先日は『原発禍を生きる』のスペイン語版の訳者ハビエルさん、そして今日は中国語訳を奥様の楊晶さんと進めて下さっている李建華さんの嬉しい訪問があった。他の用事で来日されていたのだが、その合間に仙台回りで寄ってくださったのだ。仙台回りといっても、現在は仙台から常磐線で亘理まで、そこから相馬まではバス、そして相馬からはまた常磐線で原町まで、と実に複雑で長い道中の末のご来駕である。
午前十一時過ぎ、改札口で待っていると、若い頃の写真からすぐそれと分かる李さんのにこやかな笑顔が近づいてきた。作務衣に似た涼しそうな中国風シャツを召しておられた。二十年ほど前、福島、会津、仙台など回られたことはあるが、もちろん相馬は初めてということなので、家にお連れする前に駅通りから旧国道を左折して七月末に行われる野馬追いのメーン会場雲雀が原をぐるっと周って来た。
それから頴美の用意する昼食までの時間、応接間(つまり書庫)でお茶を飲みながらゆっくりお話しをした。今回は、むかし日本文学を勉強された広島まで久しぶりに行き、恩師の磯貝英夫教授に会われたそうだ。90歳になられるのにお元気だったとの嬉しいご報告。実は私は、広島修練院時代、やはり広大の稲賀敬二先生には直接教えていただいたが、磯貝教授には島尾敏雄論(めいたもの)を読んでいただいただけでお会いしたことはない。ところでその稲賀先生が逝かれて、さて何年になるだろう。と、こう書きながらも、今月五日に92歳で亡くなられたもう一人の恩師、作家の眞鍋呉夫さんのことが頭を過ぎる。眞鍋宗匠についてはまだ書く気力が湧いてこない、こうしてお世話になった先生方が次々と亡くなられる、私自身がそんな歳になったということではあるが…

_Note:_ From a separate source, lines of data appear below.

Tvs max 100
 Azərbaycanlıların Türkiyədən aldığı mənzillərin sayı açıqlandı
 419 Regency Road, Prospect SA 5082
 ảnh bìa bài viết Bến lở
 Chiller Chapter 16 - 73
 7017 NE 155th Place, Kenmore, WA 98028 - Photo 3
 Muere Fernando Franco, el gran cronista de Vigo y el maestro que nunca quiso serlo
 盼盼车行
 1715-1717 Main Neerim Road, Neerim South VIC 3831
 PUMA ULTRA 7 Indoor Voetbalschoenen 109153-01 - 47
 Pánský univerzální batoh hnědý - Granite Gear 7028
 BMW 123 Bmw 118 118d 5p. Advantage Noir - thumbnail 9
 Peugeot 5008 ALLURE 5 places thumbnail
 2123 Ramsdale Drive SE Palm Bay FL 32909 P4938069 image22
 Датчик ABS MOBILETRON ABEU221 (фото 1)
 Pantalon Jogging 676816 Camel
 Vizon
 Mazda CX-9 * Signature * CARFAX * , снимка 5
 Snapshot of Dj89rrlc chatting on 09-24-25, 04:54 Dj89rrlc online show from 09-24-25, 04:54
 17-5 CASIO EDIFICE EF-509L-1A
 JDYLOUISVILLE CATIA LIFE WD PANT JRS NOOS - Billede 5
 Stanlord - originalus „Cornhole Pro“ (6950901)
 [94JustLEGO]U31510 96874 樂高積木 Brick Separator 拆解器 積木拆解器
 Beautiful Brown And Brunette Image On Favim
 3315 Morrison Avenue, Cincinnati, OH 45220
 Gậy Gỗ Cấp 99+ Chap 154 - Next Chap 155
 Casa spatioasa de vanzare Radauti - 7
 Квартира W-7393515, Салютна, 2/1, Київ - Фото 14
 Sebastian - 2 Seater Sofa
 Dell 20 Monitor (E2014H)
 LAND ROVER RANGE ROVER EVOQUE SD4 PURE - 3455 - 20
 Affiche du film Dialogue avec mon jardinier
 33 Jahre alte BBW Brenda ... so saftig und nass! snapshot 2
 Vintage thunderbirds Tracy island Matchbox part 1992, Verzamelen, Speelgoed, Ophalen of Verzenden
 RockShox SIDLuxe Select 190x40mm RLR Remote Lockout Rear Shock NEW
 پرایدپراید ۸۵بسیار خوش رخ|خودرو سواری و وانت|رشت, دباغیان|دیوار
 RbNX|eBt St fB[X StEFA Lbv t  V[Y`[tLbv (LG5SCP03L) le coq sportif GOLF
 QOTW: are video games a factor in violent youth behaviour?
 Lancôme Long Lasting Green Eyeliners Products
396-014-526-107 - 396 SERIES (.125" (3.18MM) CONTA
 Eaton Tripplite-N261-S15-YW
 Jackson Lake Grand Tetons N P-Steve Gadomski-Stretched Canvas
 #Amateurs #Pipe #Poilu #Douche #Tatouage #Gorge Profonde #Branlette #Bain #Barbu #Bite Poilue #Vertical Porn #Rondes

それはともかく(なんて転調はこの際不謹慎だが、宗匠には勘弁してもらって)三時に再び原町駅までお送りするまで、あっという間の短い、しかし実に楽しい時間を過ごすことができた。今日の午後もまた、原発事故を機に繰り出された不思議な運命の糸に導かれての出会いの不思議さを味わわせてもらったわけだ。
ところで雑談の途中、氏がおもむろに取りだした紙片にいくつかの質問が書かれてあり、その中に、百円ショップで買ったストレッチャーや美子の足の運動にとネットで購入したルームマーチのことも入っていたのが面白かった。そうなんだろうな、いかに難しい理屈や感情表現でも、翻訳の際に意外と乗り越えられるものだが、この二つの「もの」には手こずるだろうなと分かったからだ。幸い実物が手元にあったので、その二つをお見せすると、論より証拠とばかり、氏はさっそくカメラに収めた。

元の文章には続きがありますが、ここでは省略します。